It is, of course, quite obvious, as stated by the President, that a dictatorship backed by force can be established whether the Parliament consists of one or of two Houses. No constitutional provisions can, of themselves, prevent revolution. But this Bill makes a dictatorship possible which is not backed by force. It makes it easy to establish dictatorial government in a constitutional manner without the use of force in the first instance. But, once established, such a dictatorship can rule by force because it will have the complete command of all the armed forces of the State as well as the control of the police and the Civil Service. That is what I mean when I say that this Bill makes dictatorship easy.

After the Bill was introduced the Government made a feeble and reluctant attempt to safeguard the independence of the judges, but it was quite impossible to do so without safeguarding the whole Constitution, which evidently the Government was not prepared to do. Its attitude was stated very frankly by the Minister for Industry and Commerce. He said that if it becomes necessary in the mind of the Government to exercise the power to remove judges, that power will be exercised. He also stated:—

"The majority in this Parliament is entitled to enact any legislation it likes."

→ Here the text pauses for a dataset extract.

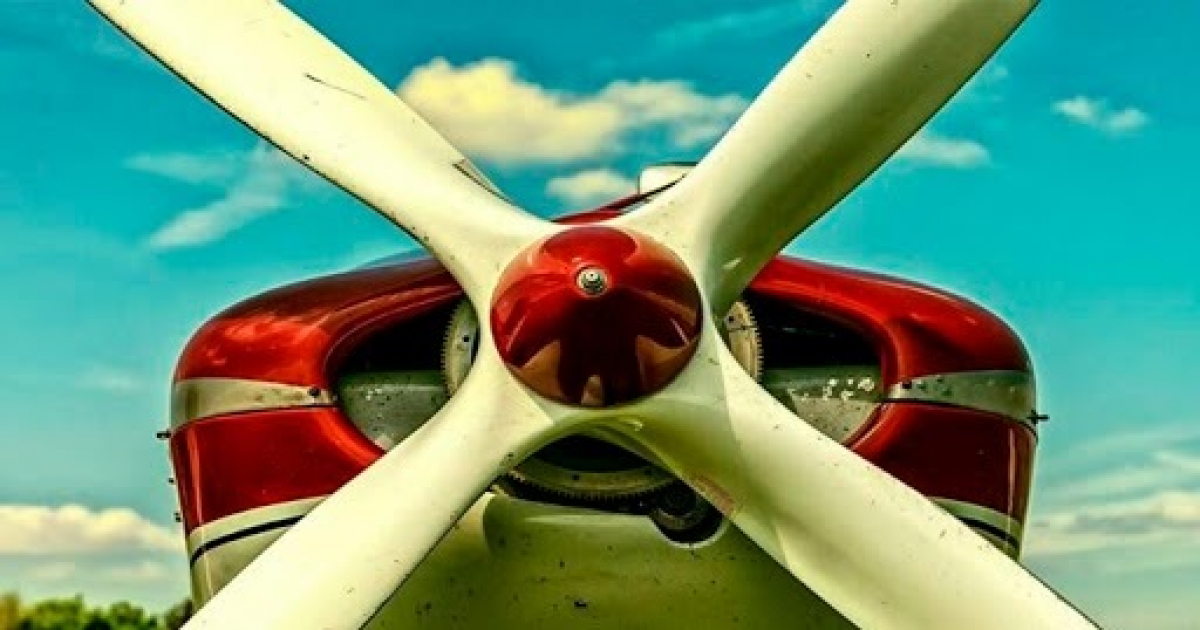 Avión Cessna © Pixabay/Tama66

That, to my mind, is the attitude of the dictatorial State. The Minister's statement reveals very clearly the difference between the Government's conception of the State and that which I conceive to be the democratic attitude. A majority has no right to use its power to do what it likes. Only legislation which the majority honestly believe to be in accordance with the people's wishes should be enacted.

The new sections in this Bill, providing for a four-sevenths majority, before judges or the Auditor and Comptroller-General can be removed from office, are to my mind almost useless. A majority of one could amend the Constitution as altered by this Bill, and then the same bare majority could remove the judge or judges they objected to and they could arrange it so that they need not give any reasons for their action.

One great objection to this Bill is that the Constitution finally ceases to be a fundamental law and is left, like all other Acts, at the mercy of a bare majority. I think it is important for us to realise that the people do not derive power from the Constitution. Its function is to set up the institutions through which the people shall govern themselves and to define and limit the powers entrusted to such institutions. The Oireachtas was established by the Constitution and any power it may take to itself outside the Constitution is usurpation unless the people have been consulted.

An effort is being made by the Seanad to save the Constitution as a fundamental law by the Bill introduced into this House to provide for a possible referendum for constitutional amendments. I am accused of inconsistency because I introduced that Bill and because I voted for a Bill abolishing the Referendum for ordinary legislation. There is a clear distinction between a referendum for ordinary Bills and one for amendments to the Constitution. On reading the Dáil Debates on this Bill I find that, if I am inconsistent in drawing this distinction, I am in very interesting company. The President was in favour of a referendum for ordinary legislation in 1928, but now he considers that: "It would be difficult in our particular circumstances." He admits, however, that in the future it might be desirable for amendments to a written Constitution.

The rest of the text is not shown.